Erectile dysfunction (ED) is a prevalent health problem in many societies, but the diagnosis is seldom documented in primary care. The objective of this study was to investigate the perception and practices of clinicians regarding the management of ED in primary care settings in Nigeria.
Methods
A self-administered semi-structured questionnaire was applied to a purposive sample of clinicians attending conferences/workshops organised by the Society of Family Physicians of Nigeria and Update Courses of the Faculties of Family Medicine of the National Postgraduate Medical College of Nigeria and the West African College of Physicians. Information was obtained on their professional characteristics, experiences with the management of ED and possible barriers to the effective management of ED.
Results
A total of 187 completed questionnaires were analysed. Most (87.2%) of the respondents were general practitioners, while the rest were specialists in various fields (excluding sexual health) who worked at the primary care level.
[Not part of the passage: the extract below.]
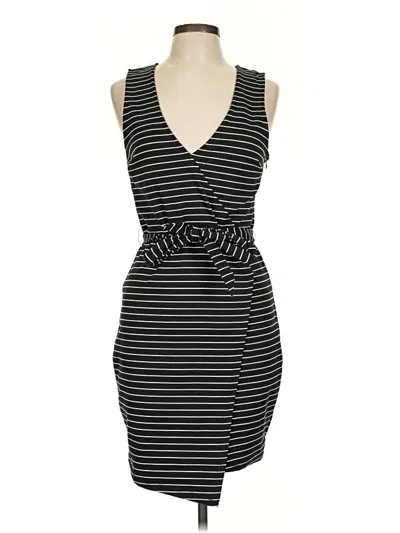 Pre-owned Jack By Bb Dakota Casual Dress In Black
One hundred and forty-seven respondents (76%) reported that ED was common in their clinical practice. Over half (56.2%) of the respondents ascribed a high priority to ED management in their day-to-day clinical practice, while 33.2% and 10.6% of them ascribed medium and low priority to ED management respectively. Although 80.8% of the respondents agreed that ED patients could benefit from orthodox treatments, only 18% of them had ever prescribed any medication for affected patients; most (82%) of them either counselled or referred ED patients to secondary or tertiary care level for further management. Most of the clinicians (62%) would not take a sexual history unless the patient brought it up. The reported barriers to the management of ED include lack of a standardised protocol (64.2%), inadequate experience in ED management (85.6%), preference of patients for native medication (42.3%), and the high cost of modern medication (48.1%).
Conclusion
The clinicians acknowledged the high prevalence of ED in the primary care setting and recognised that they had a role to play in managing affected patients. The identified barriers to the management of the condition point to the need for education of both clinicians and patients, as well as the provision of guidelines for the management of ED in primary care settings.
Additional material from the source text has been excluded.